## AIM OF THE TASK
Transcribe all of the records word for word, but omit the pictures.

## RECORDS PROVIDED
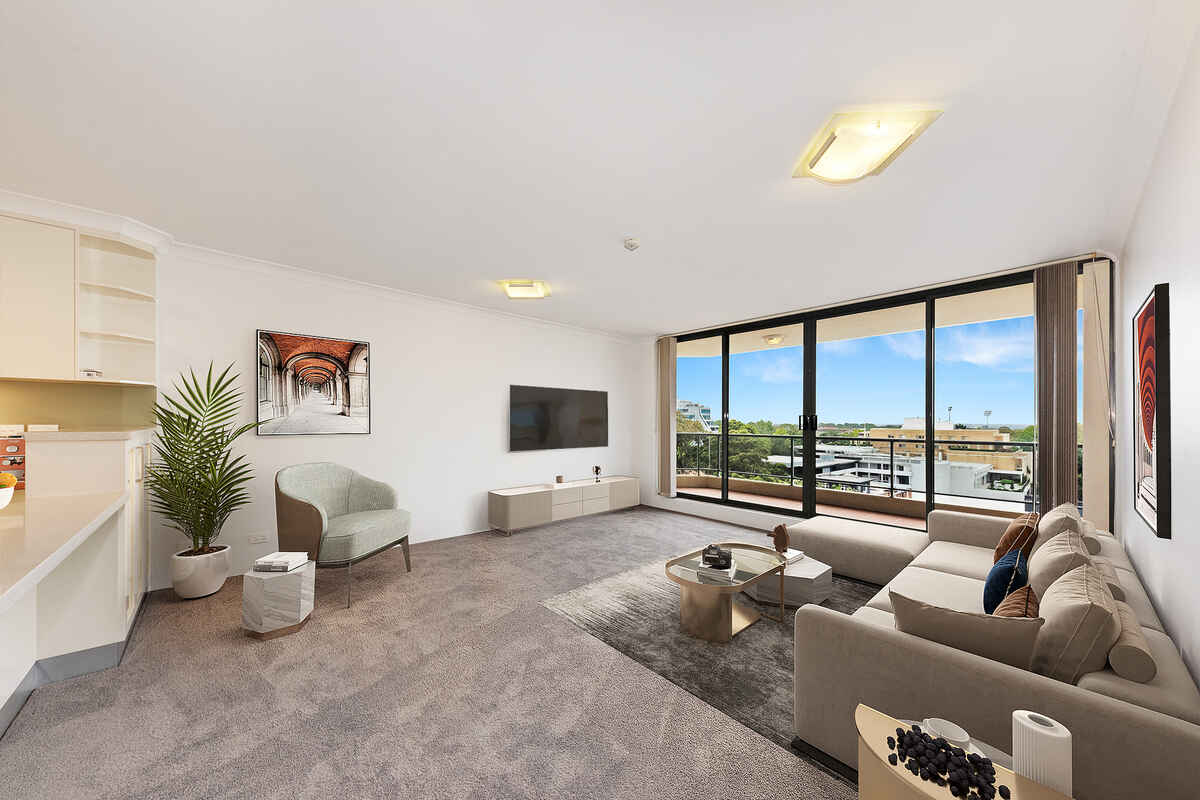 902/37-39 McLaren Street North Sydney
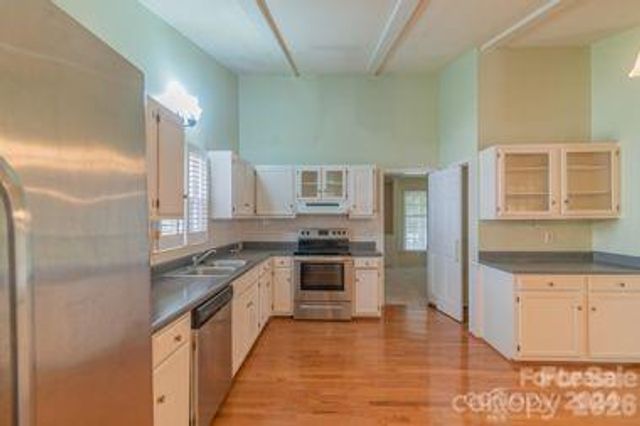 7115 Powder Mill Place, Charlotte, NC 28277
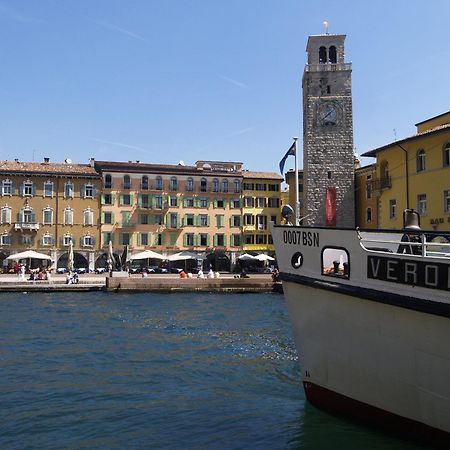 Hotel Centrale Riva del Garda Exterior photo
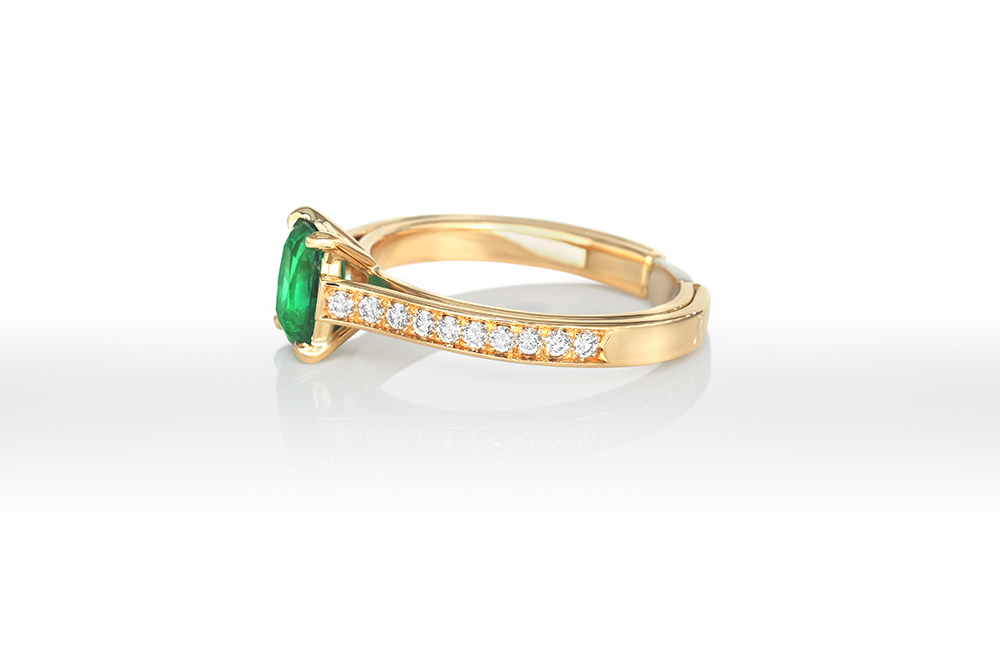 Solitaire, émeraude et diamants 6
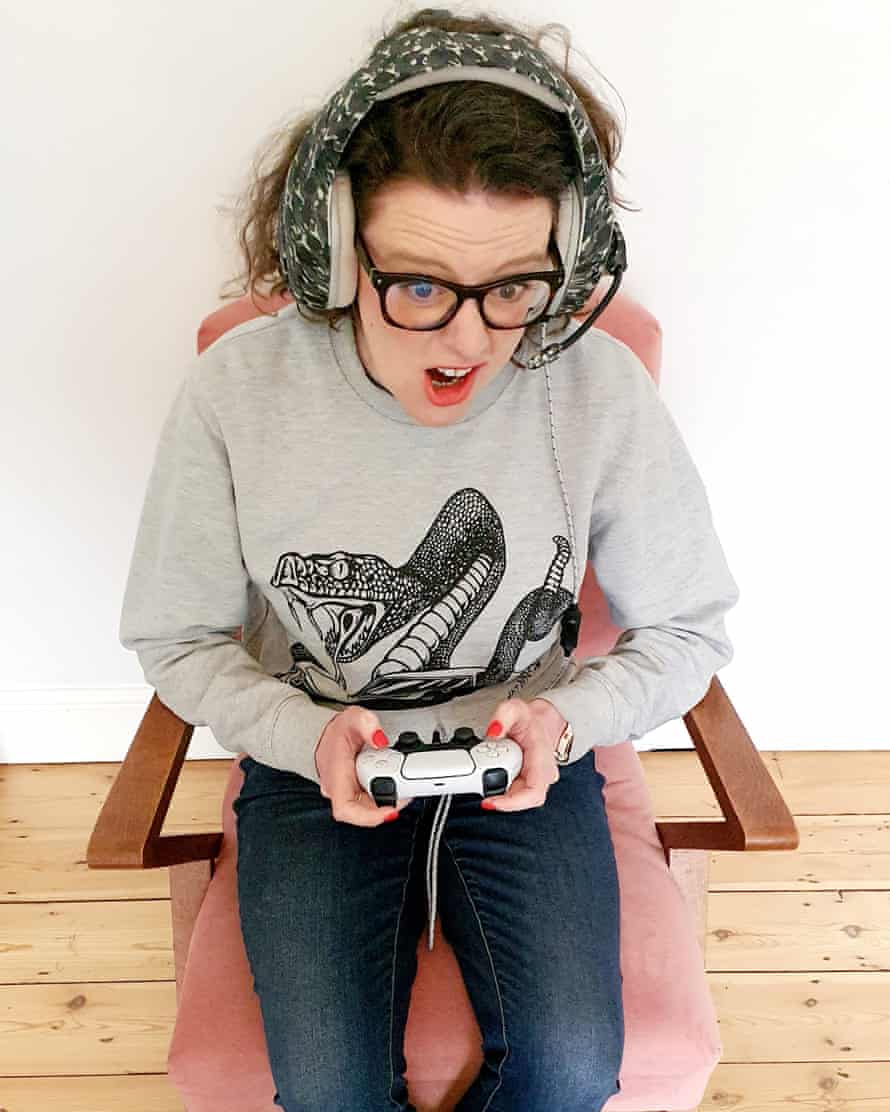 Ellie Gibson playing games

## SOLVED EXERCISE
 902/37-39 McLaren Street North Sydney
 7115 Powder Mill Place, Charlotte, NC 28277
 Hotel Centrale Riva del Garda Exterior photo
 Solitaire, émeraude et diamants 6
 Ellie Gibson playing games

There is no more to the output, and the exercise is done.